• **Action item**:
Check the entries below and say how many lines include the word "Heavy". No other text is wanted.
Content starts
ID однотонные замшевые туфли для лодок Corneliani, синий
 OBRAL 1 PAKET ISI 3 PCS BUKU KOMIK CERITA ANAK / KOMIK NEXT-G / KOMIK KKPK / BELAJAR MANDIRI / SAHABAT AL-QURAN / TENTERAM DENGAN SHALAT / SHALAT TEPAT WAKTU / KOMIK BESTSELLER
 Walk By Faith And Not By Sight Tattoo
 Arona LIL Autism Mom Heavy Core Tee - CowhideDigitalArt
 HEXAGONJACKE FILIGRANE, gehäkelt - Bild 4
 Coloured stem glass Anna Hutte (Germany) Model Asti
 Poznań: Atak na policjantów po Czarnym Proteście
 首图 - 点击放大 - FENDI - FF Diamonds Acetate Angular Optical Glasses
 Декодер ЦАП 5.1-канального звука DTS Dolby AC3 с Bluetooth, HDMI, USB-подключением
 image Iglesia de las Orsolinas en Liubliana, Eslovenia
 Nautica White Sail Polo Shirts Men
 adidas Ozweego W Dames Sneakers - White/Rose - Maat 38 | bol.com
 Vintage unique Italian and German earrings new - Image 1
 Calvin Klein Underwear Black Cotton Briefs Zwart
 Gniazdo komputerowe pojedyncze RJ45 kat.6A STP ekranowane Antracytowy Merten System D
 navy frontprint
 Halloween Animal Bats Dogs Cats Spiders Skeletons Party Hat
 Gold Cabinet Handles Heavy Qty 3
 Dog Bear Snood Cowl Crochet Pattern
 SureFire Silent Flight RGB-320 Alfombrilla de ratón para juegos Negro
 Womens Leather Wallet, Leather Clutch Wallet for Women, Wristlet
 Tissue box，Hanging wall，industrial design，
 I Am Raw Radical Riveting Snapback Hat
Content ends
• **Solution to this task**:
2